This work addresses the limitations of conventional multimodal approaches that rely on fixed embeddings and struggle to flexibly capture task-relevant semantic structures. The authors propose S3, a novel framework that unifies specialized semantic experts, task-adaptive routing, and sparsification mechanisms within a Mixture-of-Experts (MoE) architecture, enabling dynamic selection and pruning to form structured multimodal representations. Evaluated on four MultiBench benchmarks, S3 achieves substantial performance gains. Notably, the study reveals an inverted U-shaped relationship between model performance and sparsity: optimal results are attained at moderate sparsity levels, effectively balancing computational efficiency with representational capacity.
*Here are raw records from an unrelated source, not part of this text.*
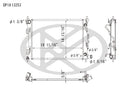 Koyorad A13253 Radiator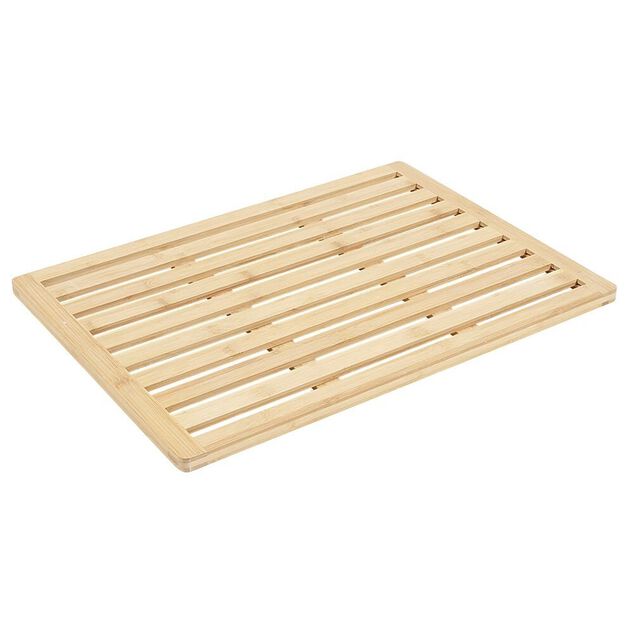 Caillebotis de salle de bain en bambou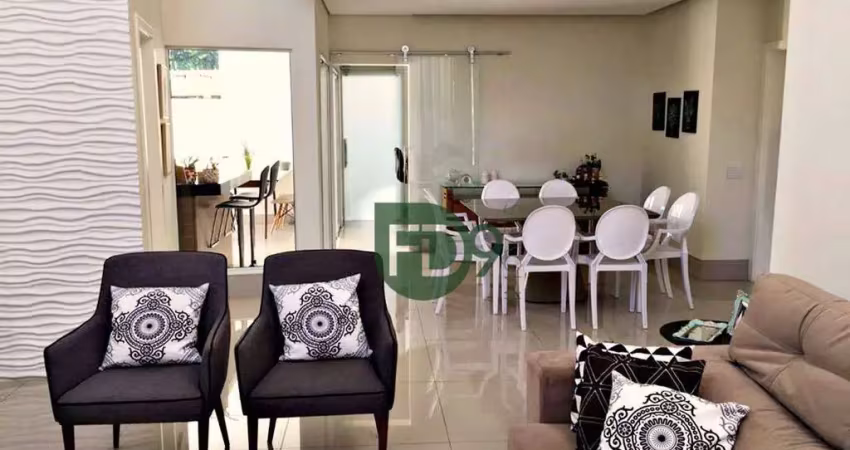 Casa com 3 dormitórios à venda, 164 m² por r$ 1.150.000,00 - condomínio residencial jardim primavera - nova odessa/sp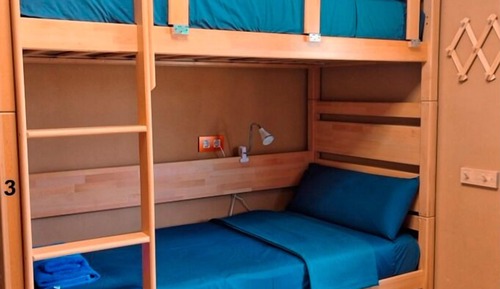 Female Only Shared Dormitory
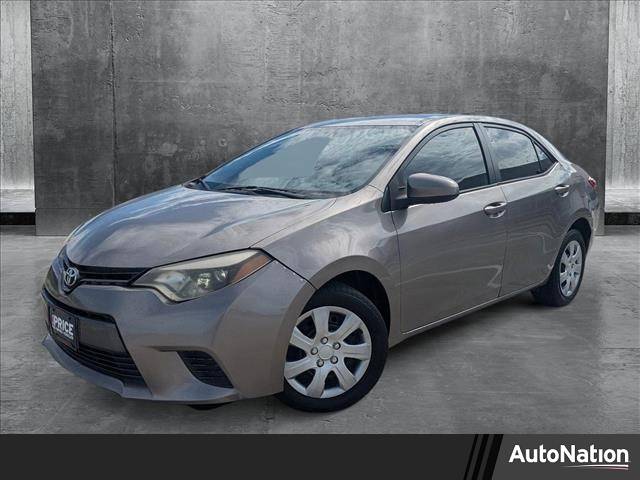 2016 Toyota Corolla LE — Sedan — 124,419 mi — Houston, TX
We propose S3 (Specialization, Selection, Sparsification), a framework that rethinks multimodal learning through a structural perspective. Instead of encoding all signals into a fixed embedding, S3 decomposes multimodal inputs into semantic experts and selectively routes them for each task. Specialization forms concept-level experts in a shared latent space, Selection adapts routing for task-specific needs, and Sparsification prunes low-utility paths to yield compact, information-minimal representations. Across four MultiBench benchmarks, S3 improves accuracy and shows a consistent reverse U-shaped sparsity-performance trend, with peak performance at intermediate sparsity. These results suggest that structuring multimodal representations as selectable semantic components provides a practical and principled alternative to contrastive learning or InfoMax-driven approaches.